2011年1月24日月曜日

◆スポーツナビ・トピックス&コラム 元川悦子


出典URL:http://sportsnavi.yahoo.co.jp/soccer/japan/2011/text/201101230003-spnavi.html

新世代の10番・香川真司、ライバル対決で真価が問われる (1/2)

2011年1月24日(月)
■偉大な先人たちの後継者として
グループリーグは不完全燃焼に終わったが、カタール戦で待望の初ゴール。プレッシャーからも解き放たれた【Getty Images】

「10番は日本代表でも特別な番号。自分らしさを出して、新しい10番になれればいい。やっぱり点を取るのが一番だと思う」

 昨年末の大阪合宿。ラモス瑠偉、名波浩、中村俊輔という偉大な先人たちが背負ってきたエースナンバー10を引き継いだ香川真司は神妙な面持ちで語った。

 この出来事だけでも注目を集めるのに、彼には今季ドイツでのずぬけた実績もある。昨年夏に移籍したドルトムントでは、すでに今季公式戦通算12ゴールをマーク。ブンデスリーガ前半戦MVPにも選出された。短期間で一気に欧州で名をはせた香川がカタールでどんな大仕事をやってのけるのか。かつて名波や中村俊輔がアジアカップMVPに選ばれ、優勝の原動力となったように、香川も日本をリードしてくれるのか。周囲の期待は日に日に高まっていった。

 ところが、彼にとってアジアの戦いは、想像以上に難しいものだった。

 初戦のヨルダン戦では、相手の引いた守りに苦しんだ。思うようにゴール前へ侵入できず、周囲との連係もいまいち。本田圭佑らとの距離も遠かった。唯一の決定機だった前半40分のGKとの1対1も外してしまう。
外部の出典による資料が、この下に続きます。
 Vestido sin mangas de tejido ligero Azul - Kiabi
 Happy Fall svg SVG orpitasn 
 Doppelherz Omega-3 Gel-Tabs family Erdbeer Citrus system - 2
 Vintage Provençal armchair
後半はドルトムントと同じトップ下に移動。慣れた位置で本来の鋭さを少しは取り戻したものの、ゴールはこじ開けられず。いきなりアジアの洗礼を浴びた香川は「こういう大会はワンチャンスを決めなきゃいけないと痛感した」と自戒を込めて話した。

 続くシリア戦は、松井大輔、本田圭と並ぶ2列目でのポジションチェンジが流動的になり、攻撃も活性化された。長谷部誠の先制点に結び付く長い距離の走り、巧みなドリブルでDFをかわしたシュートなど、香川らしさの片りんものぞかせた。だが、全体的にパスを受けるのは足元に偏り、ボールをさらしすぎて相手のカウンターを招くことも少なくなかった。結局、後半途中に交代。その後の10人での苦しい戦いを外から見守る屈辱は耐え難いものだったはずだ。
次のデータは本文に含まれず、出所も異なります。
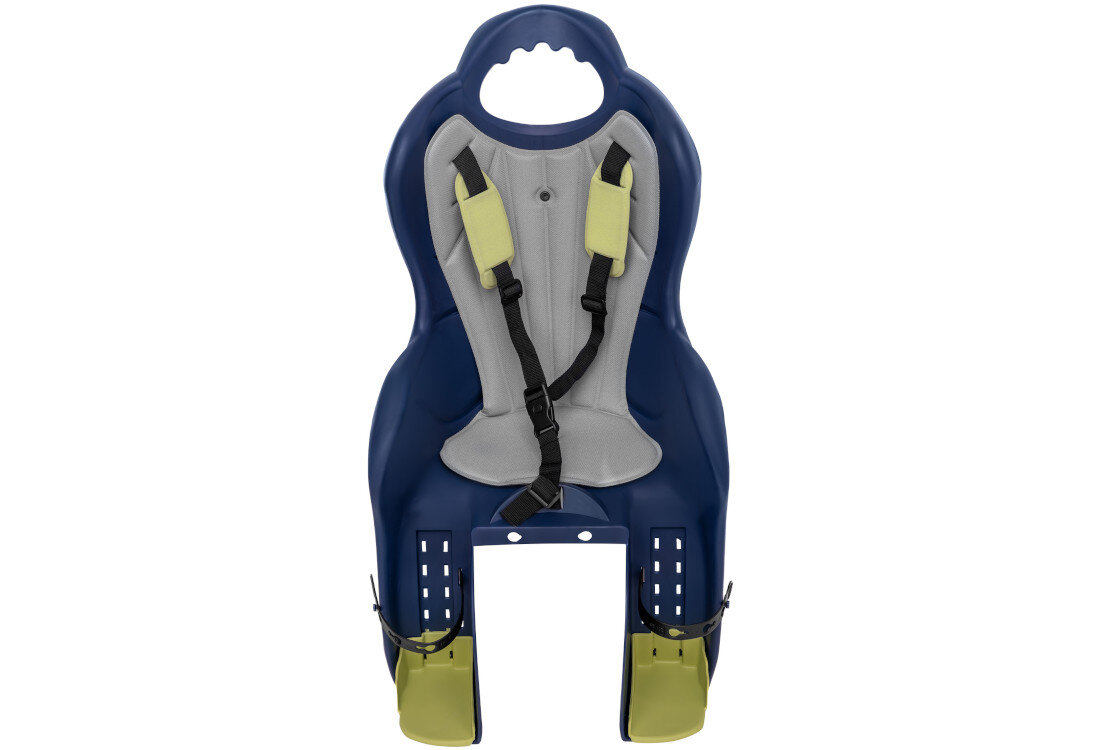 Fotelik rowerowy HTP DESIGN Elibas Granatowo-szaro-limonkowy Uniwersalne dopasowanie uniwersalny system mocowania waga zakres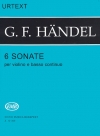 6つのソナタ（ヘンデル）（ヴァイオリン+ピアノ）【6 Sonate】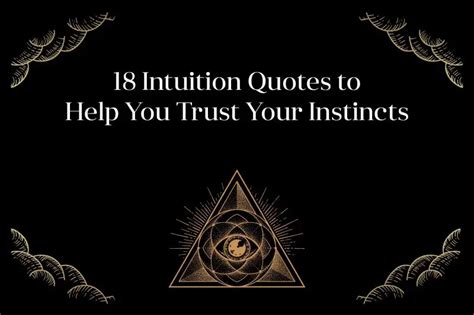 18 Intuition Quotes to Help You Trust Your Instincts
 グループリーグ最終戦のサウジアラビア戦は相手の戦意喪失もあって、岡崎慎司と前田遼一が大量点を奪うことに成功した。香川も前の2試合よりハツラツさを取り戻したが、やはり肝心な場面で滑ったり、ボールを奪われたりと、どうもプレーに余裕が感じられない。
「ピッチが緩かったりして、なかなかボールが足につかなくて……。積極的にゴールを狙っているんですけど、なかなか難しい。個人としてやるべきことをもっとやらないといけない」
 大勝に沸くチームの中で、香川はただ1人、歯切れが悪かった。
■目に見えない重圧を背負って

「10番というのはそれほど重いものなのか……」。そう本人に尋ねると、「重たいとは思わないけど、主力としてこういう大会に出るのが初めてだから。自覚を持ってやりたいって気持ちは強いんで……」とプレッシャーを否定した。しかし、現地に訪れている元10番・名波浩は「目に見えない重圧ってのが、この番号にはあるからね」と心情を代弁していた。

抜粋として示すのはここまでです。